Die Zahlen sind erschreckend: nach einer aktuellen Studie sind die Hälfte aller Deutschen zu dick. Trotz zahlloser Kampagnen für gesundheitsbewusste Ernährung scheinen wir uns nicht zu „besseren Essern“ entwickeln zu wollen.

Mit reiner Vernunft lässt sich da offenbar wenig ausrichten. Bis heute ist noch gar nicht klar, warum wir so essen wie wir essen. Doch das könnte sich nun ändern. An einer holländischen Universität gehen Wissenschaftler dem Essverhalten des Menschen nun intensiv auf den Grund – mit völlig neuen Methoden.

Kein Bissen bleibt unentdeckt

Menschen an Büffettisch in der Kantine
Eine scheinbar normale Kantine. | Bild: HR

Ein Schnellrestaurant im holländischen Universitätsstädtchen Wageningen - auf den ersten Blick eine ganz normale Kantine. Doch wer hier zu Mittag isst, wird dabei ununterbrochen beobachtet. Ganz unauffällig filmen 20 Kameras an der Decke jeden Bissen, jeden Schluck. Nichts bleibt dem Kameraauge verborgen.
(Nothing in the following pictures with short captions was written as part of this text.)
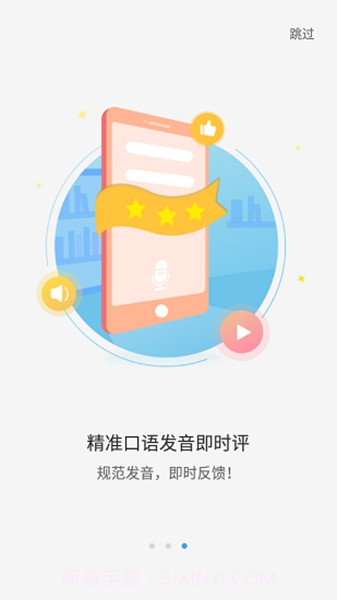 大鱼人机口语手机版2.4.16截图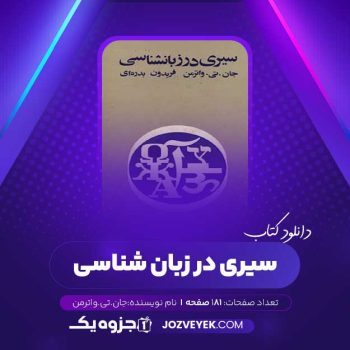 دانلود کتاب سیری در زبان شناسی جان . تی . واترمن (PDF)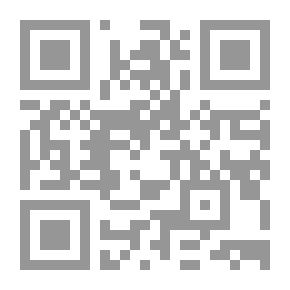 Qr Code العالم بين صليبيتين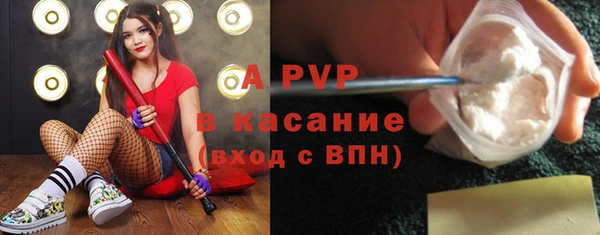 mix Киреевск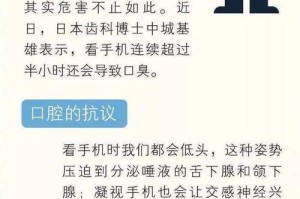 从吸鸦片到戒掉的艰难之路（摆脱鸦片束缚的努力和策略）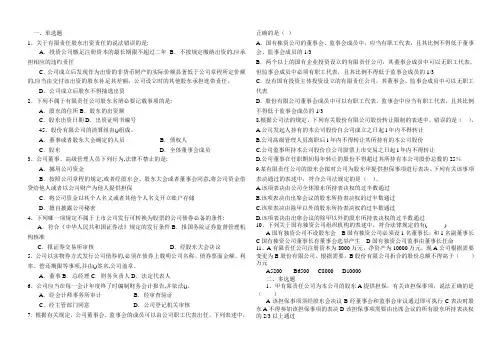 模拟试题公司法题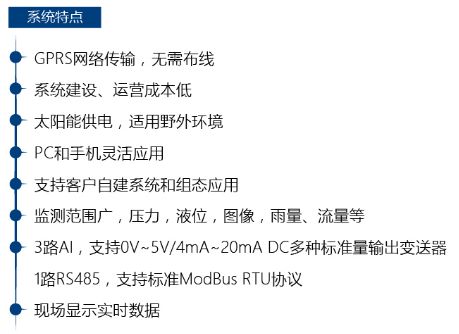 探索ruru檢測器v1.1最新版，功能、特點及應用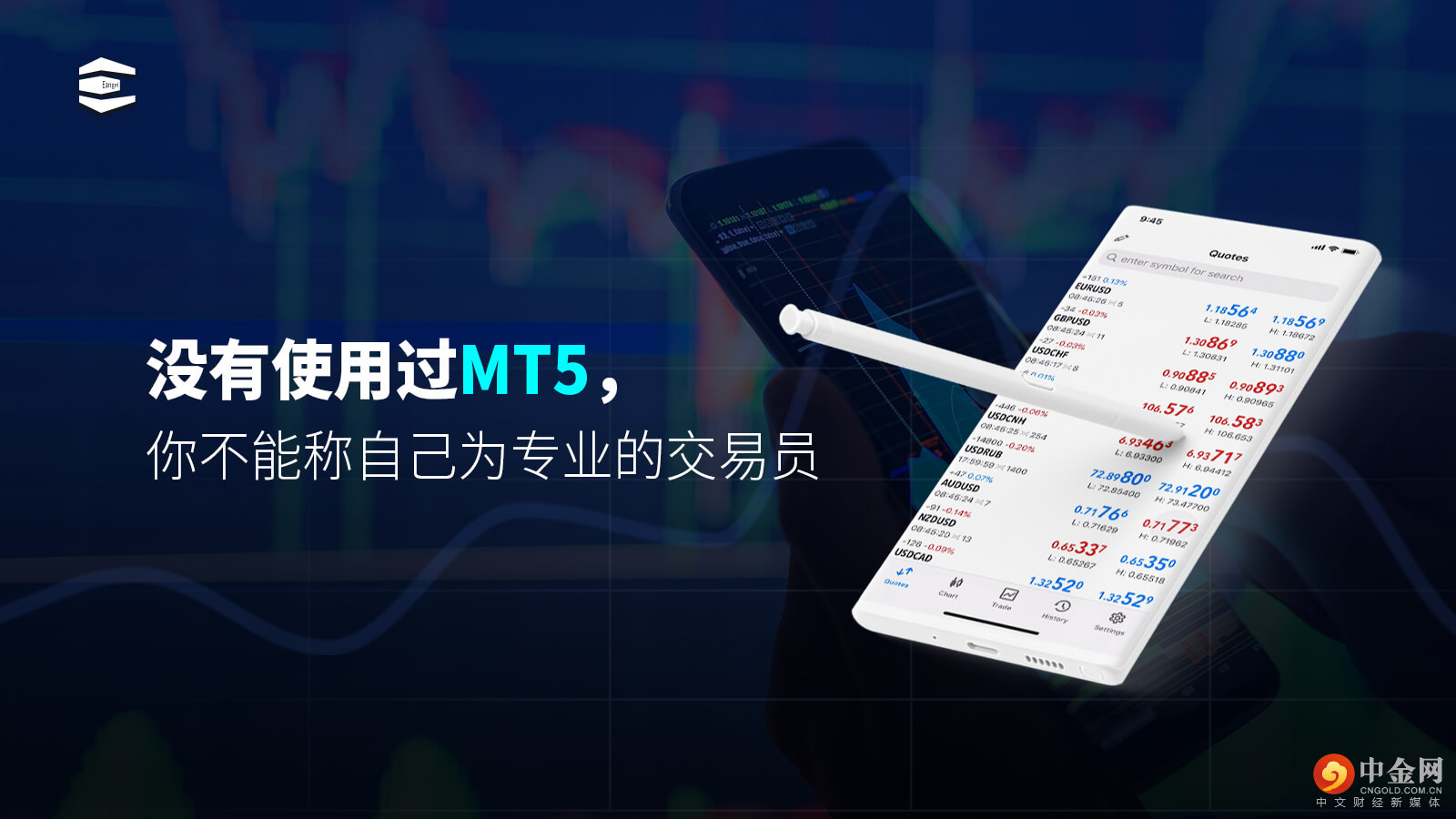 MT5口号海报图.jpg MT5口号海报图.jpg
„Restaurant der Zukunft“ heißt dieses ungewöhnliche Forschungsprojekt. Über zehn Jahre hinweg soll an der Universität Wageningen das Essverhalten des Menschen untersucht werden. Warum wählen wir Nudeln und nicht Salat? Warum trinken wir Limonade und nicht Wasser? Genau diesen Fragen geht Projektleiter René Koster mit seinem 20-köpfigen Team aus Ernährungswissenschaftlern und Psychologen nach.

Umgebung beeinflusst Essverhalten

Schon jetzt steht für ihn fest: Unser Essverhalten wird keineswegs vom Verstand gelenkt, sondern von ganz anderen Faktoren: "Da ist zunächst die Umgebung, in der ich esse. Etwa die Lichtverhältnisse oder die Geräuschkulisse. Dann spielt der Preis eine wichtige Rolle und nicht zuletzt die Tatsache, ob ich allein esse oder mit anderen zusammen."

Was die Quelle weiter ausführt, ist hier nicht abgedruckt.